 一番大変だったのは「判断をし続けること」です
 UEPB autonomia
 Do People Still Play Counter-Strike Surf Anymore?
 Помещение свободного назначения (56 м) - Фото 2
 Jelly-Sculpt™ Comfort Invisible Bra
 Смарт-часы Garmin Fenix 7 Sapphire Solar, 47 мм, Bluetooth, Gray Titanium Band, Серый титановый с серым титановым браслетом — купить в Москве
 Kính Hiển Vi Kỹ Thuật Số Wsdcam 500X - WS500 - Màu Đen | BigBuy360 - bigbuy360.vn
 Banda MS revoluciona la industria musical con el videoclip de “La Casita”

• • • •

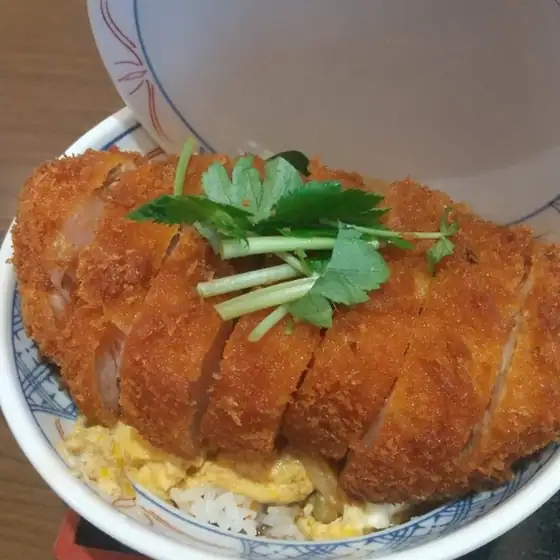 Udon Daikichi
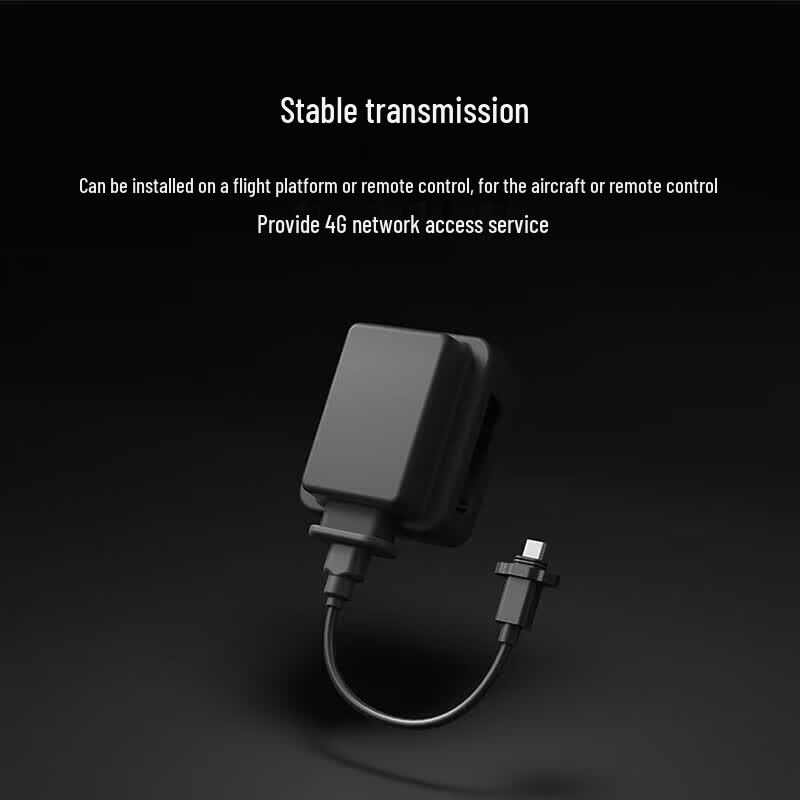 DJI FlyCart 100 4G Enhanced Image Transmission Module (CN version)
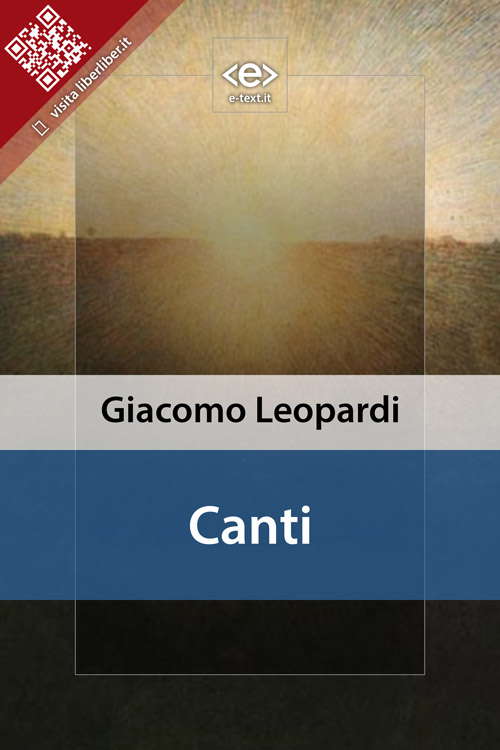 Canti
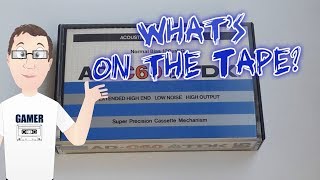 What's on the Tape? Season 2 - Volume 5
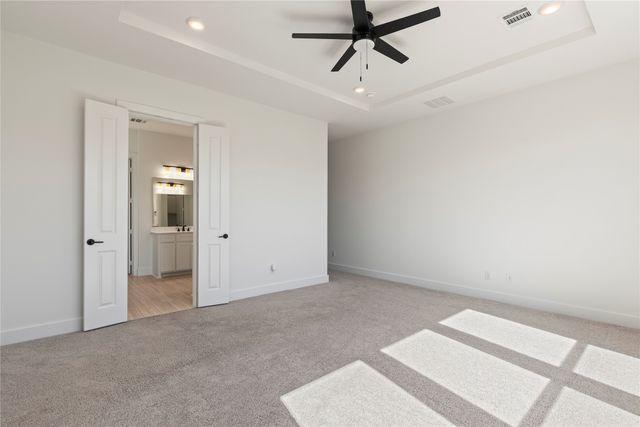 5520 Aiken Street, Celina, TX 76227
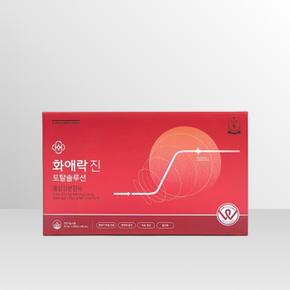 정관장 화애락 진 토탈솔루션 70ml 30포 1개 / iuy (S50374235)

• • • •

*What is needed:* In the records above, copy exactly everything from the line that has "Udon Daikichi" down to the line that has "정관장 화애락 진 토탈솔루션", both ends included, and leave out the pictures.

*Solution:*
 Udon Daikichi
 DJI FlyCart 100 4G Enhanced Image Transmission Module (CN version)
 Canti
 What's on the Tape? Season 2 - Volume 5
 5520 Aiken Street, Celina, TX 76227
 정관장 화애락 진 토탈솔루션 70ml 30포 1개 / iuy (S50374235)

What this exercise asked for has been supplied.